Habas H.Z. Investments announced Monday that its Dutch subsidiary Nieuwe Steen Investments, of which it holds a 21% share, has approached another Dutch REIT fund, Vastned Offices/Industrial, proposing a merger between the two through a share swap.
After completing its Rothschild and YOO luxury real estate projects in Tel Aviv, Habas is now focusing on finding attractive investment properties abroad.
The Nieuwe Steen Investments real estate investment trust has already spent about 11 million euros in acquiring 4.99% of Vastned's shares.
Both firms are traded on the Euronext Amsterdam stock exchange: NSI at a 650 million euro valuation and Vastned at a 230 million euro valuation.
Talks between the two companies indicate the swap could involve Nieuwe Steen Investments putting up 0.85 of its shares for every share of Vastned; this ratio would reflect a 15% premium on Vastned shares according to their price on December 10.
Vastned Offices/Industrial was founded in 1984. The company doesn't have any dominant controlling ownership, with its shares mostly distributed among large institutional investors like BNP Paribas, Nomura Asset Management and ING Clarion Real Estate Securities.
Habas' ownership share in the amalgamated company, if the deal goes through, would come to about 17% - making it the largest shareholder in the new entity - while current Vastned shareholders would end up with a combined 25% of its equity.

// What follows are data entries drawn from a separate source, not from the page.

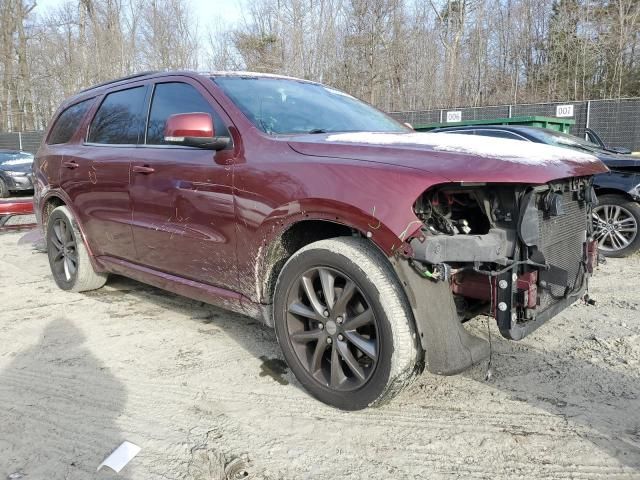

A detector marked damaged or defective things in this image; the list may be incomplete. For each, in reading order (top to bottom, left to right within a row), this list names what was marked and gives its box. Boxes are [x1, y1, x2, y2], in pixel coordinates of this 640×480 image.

damaged burgundy suv [32, 71, 608, 408]
bent hood [288, 131, 608, 184]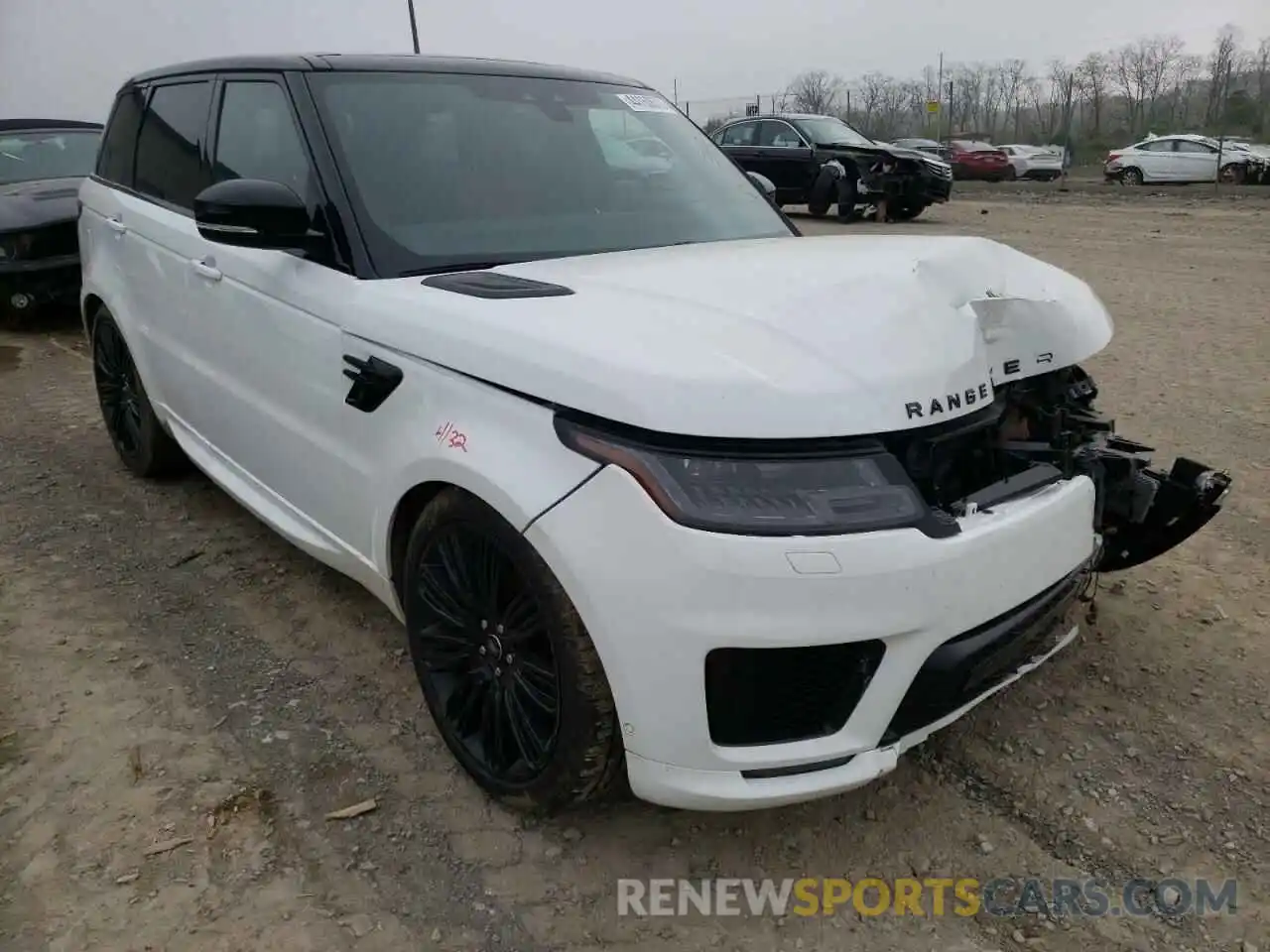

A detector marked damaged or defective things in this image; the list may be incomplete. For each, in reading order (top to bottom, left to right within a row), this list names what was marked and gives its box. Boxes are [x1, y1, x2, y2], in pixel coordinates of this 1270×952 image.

damaged dark suv [0, 118, 102, 327]
damaged dark suv [715, 112, 954, 222]
damaged white range rover [79, 54, 1229, 812]
broken headlight housing [556, 416, 924, 537]
damaged front end [883, 365, 1229, 573]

Nieuwe Steen Investments believes the merger fits both companies' growth strategies and that the joint firm would provide a strong platform for further acquisitions. The deal is subject to approval by shareholders of both companies, but sources close to Habas claim NSI has received indications from Vastned shareholders that they favor the move.
Nieuwe Steen Investments owns assets worth approximately 1.4 billion euros in total and Vastned has holdings of about 1 billion euros. A combined company would have equity totaling 900 million euros and net financial debts of 1.1 billion euros; its net asset value would come to 884 million euros, with occupancy rates surpassing 90%.
The joint company would become one of the three largest public income-generating real estate firms in the Netherlands, with more than 300 commercial and office properties spread among prime locations in Holland, Belgium and Germany.
Annual rental income for the companies are expected to exceed 200 million euros and the merger would lead to various cost savings totaling 3.5 million euros per year.
The construction company, which is controlled by the Habas family, Idan Ofer (the chairman of the Israel Corporation) and Ehud (Udi ) Angel, and which is managed by Eyal Reggev - has long declared its intention to expand its real estate holdings abroad. The Israeli company is trading at a market cap of NIS 350 million on the Tel Aviv Stock Exchange. Its shares lost 1.2% yesterday.